Problem to work on:
From the line containing "Mico Yırtıcı Kuş" through the last line of the records below, output every line exactly as it appears, but leave out the pictures.
:: Data provided ::
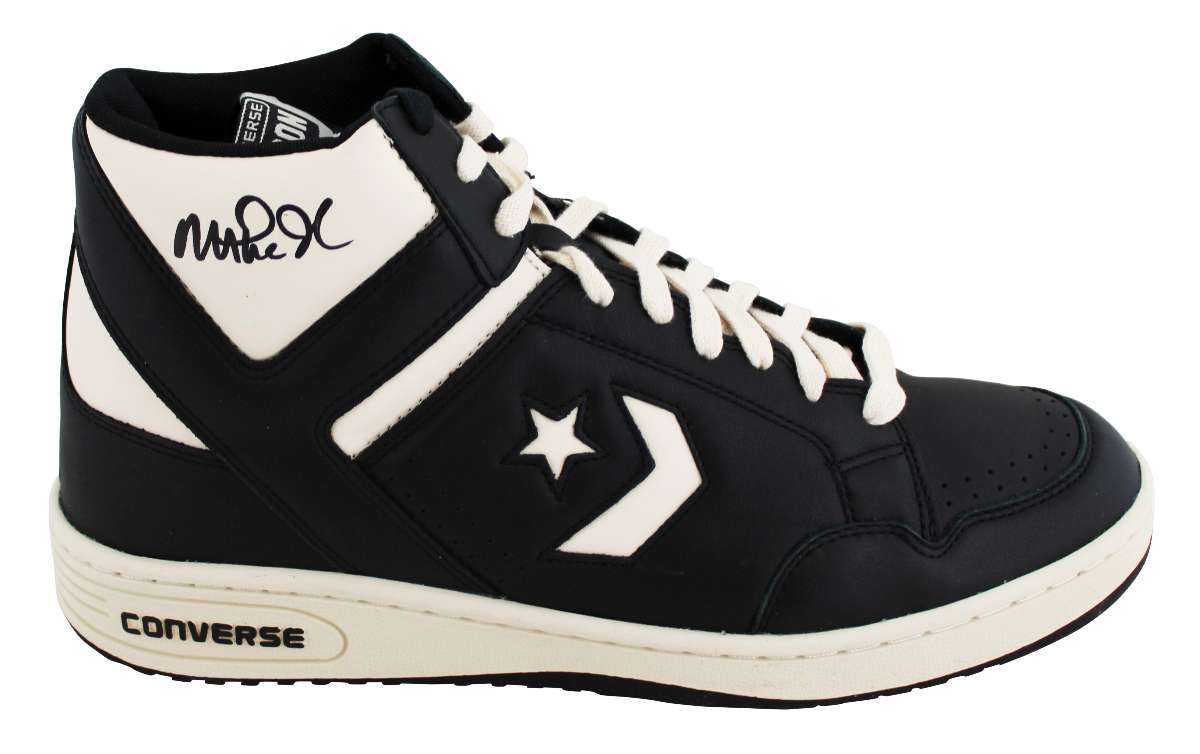 
Lakers Magic Johnson Signed Right B&W Converse Weapon Shoe W/ Case BAS Witness 3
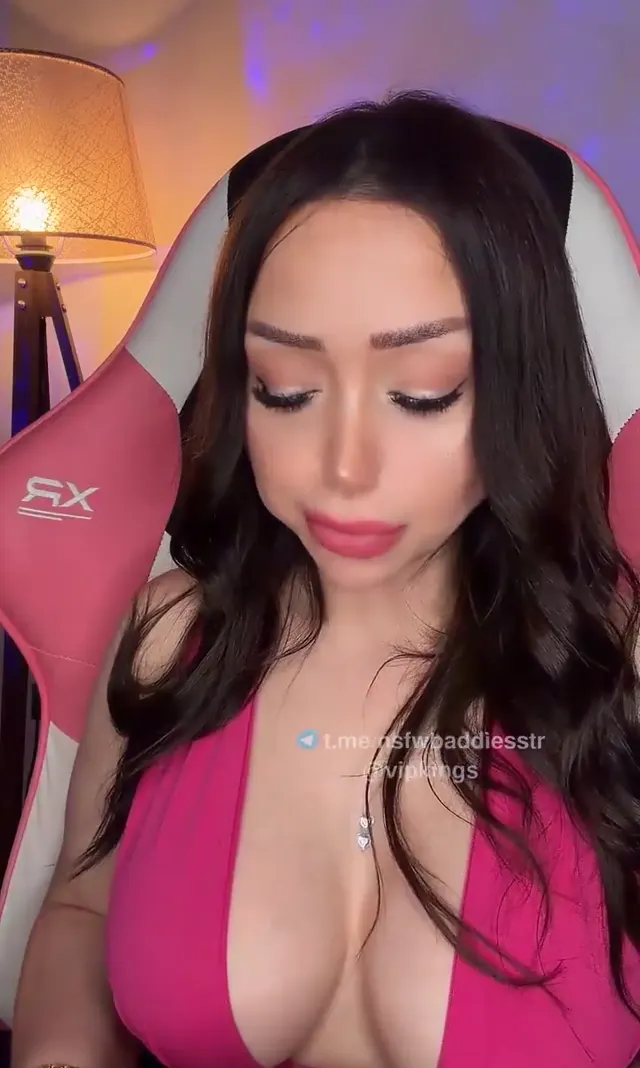 Mico Yırtıcı Kuş ifşa Sexy hatundan yayın seyret — Canlı Yayınlar · sahne 1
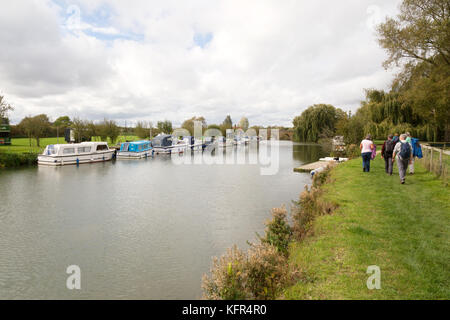 Menschen, die den Themse Path in Northmoor, Upper Thames, Oxfordshire, Großbritannien, bewandern Stockfoto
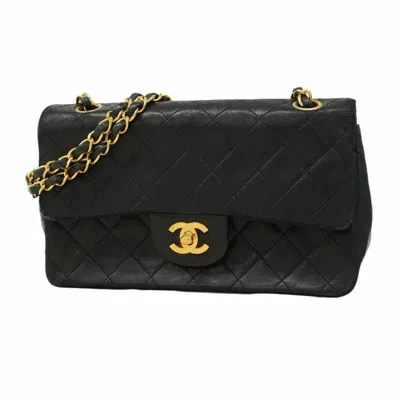 Pre-owned Chanel Leather Shoulder Bag () In Black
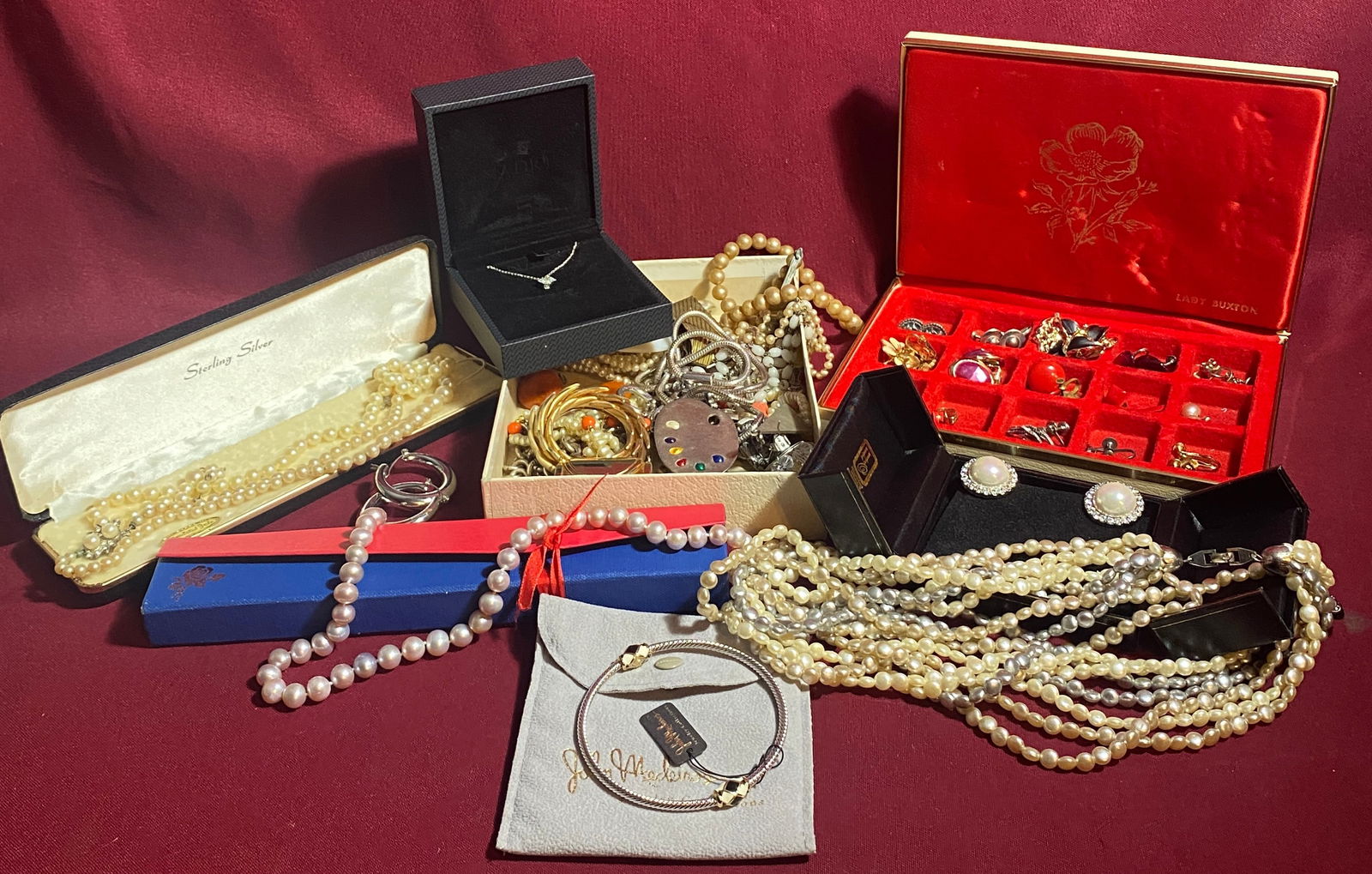 Older and Vintage Costume Jewelry (1 of 10)
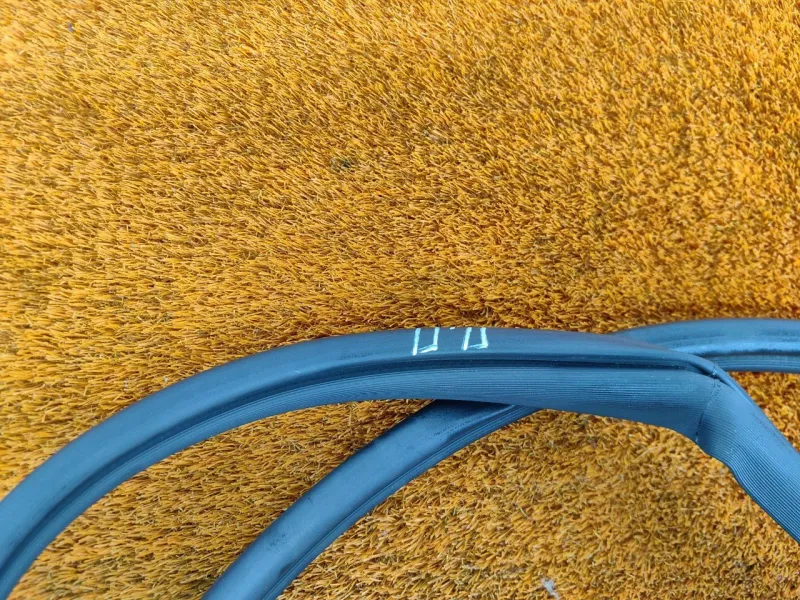 Уплотнитель проема двери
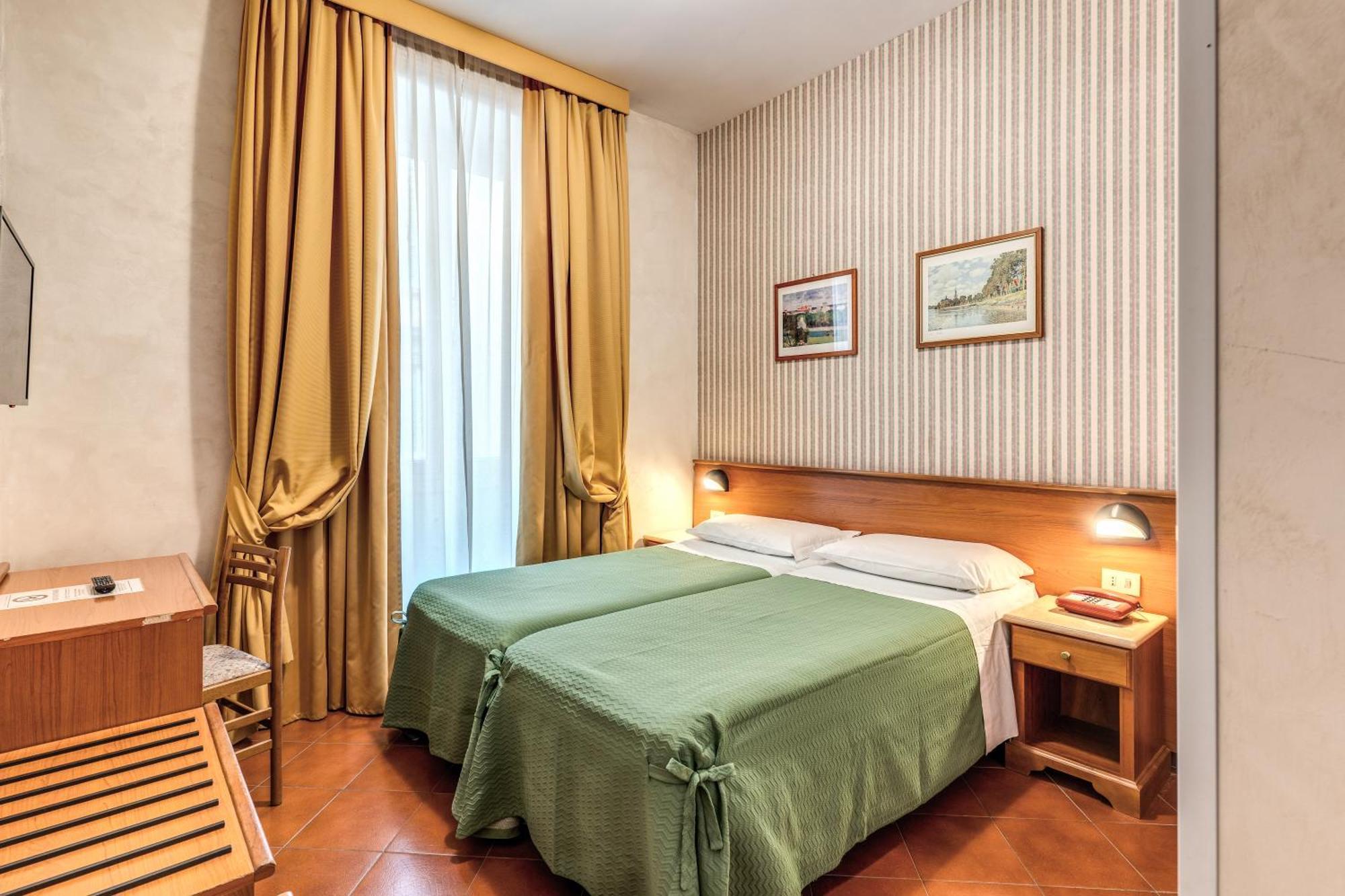 Hotel Corona Roma Esterno foto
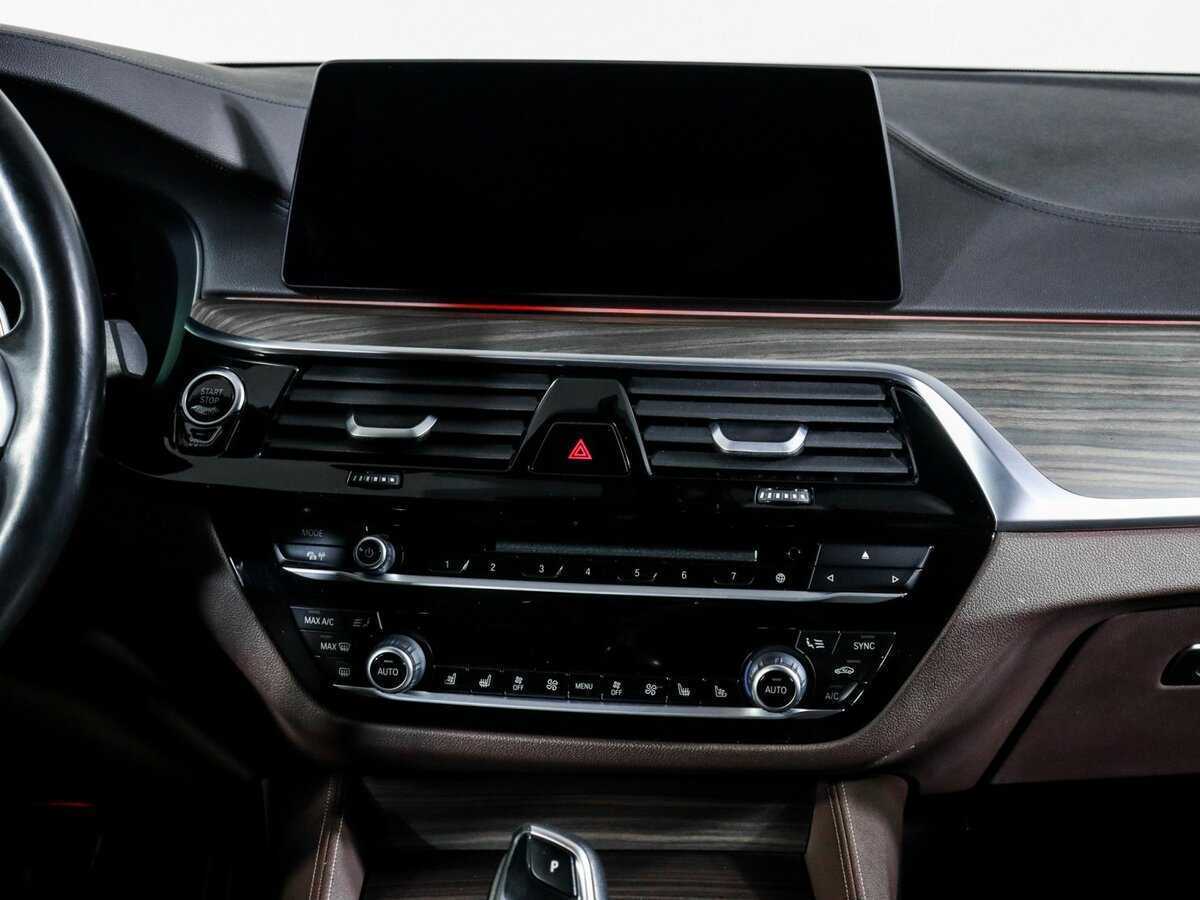 BMW 5 серии 530d xDrive, 2018 Фото №13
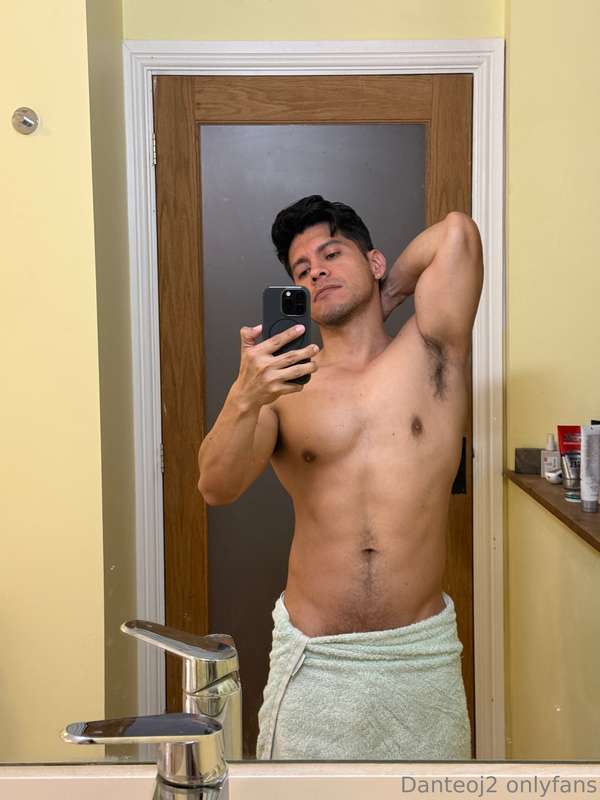 Armpits :D good Monday guys! 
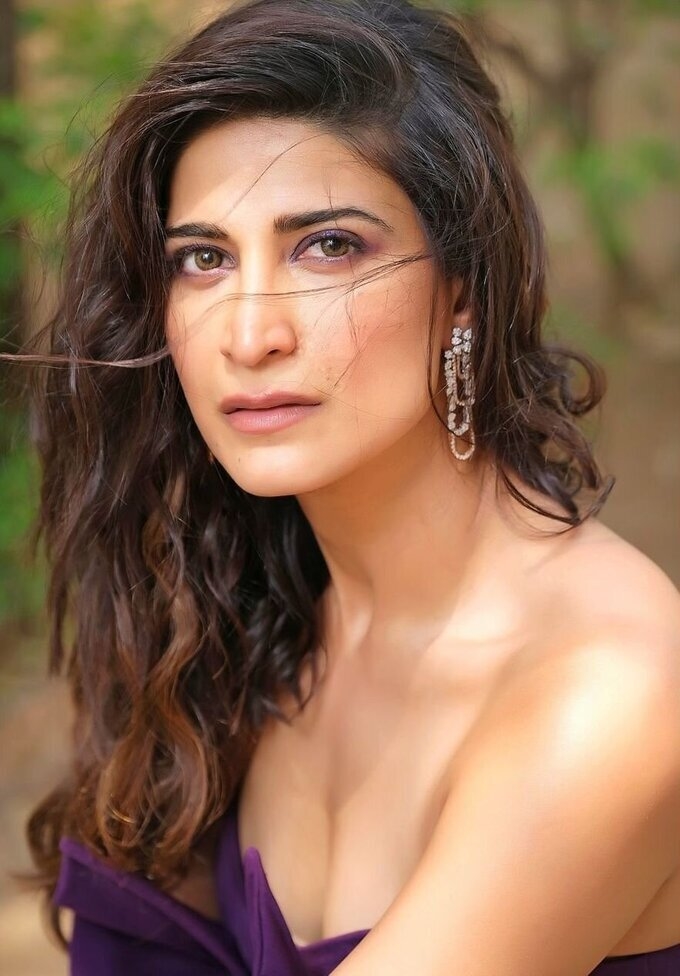 Actress And Model Aahana Kumra Latest Photos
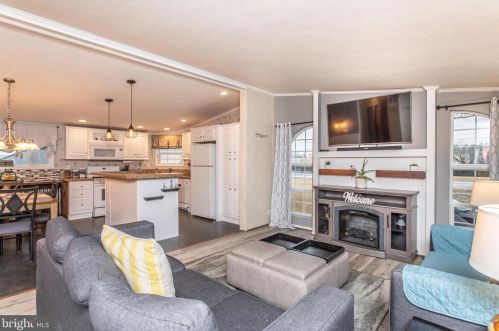 2 Kyle Cir, Millsboro, DE 19966-1318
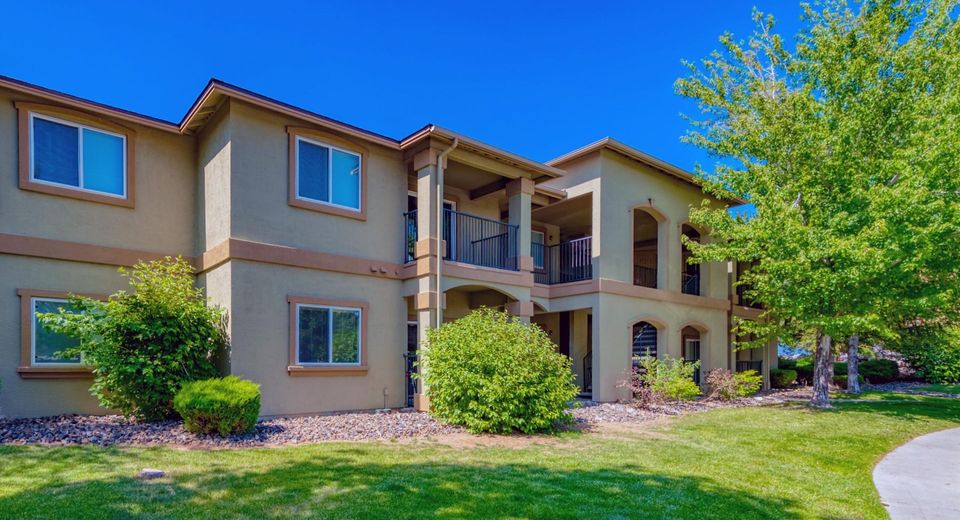 6850 Sharlands Avenue, Unit # 1140, Reno, NV 89523 Photo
:::
Written reply:
 Mico Yırtıcı Kuş ifşa Sexy hatundan yayın seyret — Canlı Yayınlar · sahne 1
 Menschen, die den Themse Path in Northmoor, Upper Thames, Oxfordshire, Großbritannien, bewandern Stockfoto
 Pre-owned Chanel Leather Shoulder Bag () In Black
 Older and Vintage Costume Jewelry (1 of 10)
 Уплотнитель проема двери
 Hotel Corona Roma Esterno foto
 BMW 5 серии 530d xDrive, 2018 Фото №13
 Armpits :D good Monday guys! 
 Actress And Model Aahana Kumra Latest Photos
 2 Kyle Cir, Millsboro, DE 19966-1318
 6850 Sharlands Avenue, Unit # 1140, Reno, NV 89523 Photo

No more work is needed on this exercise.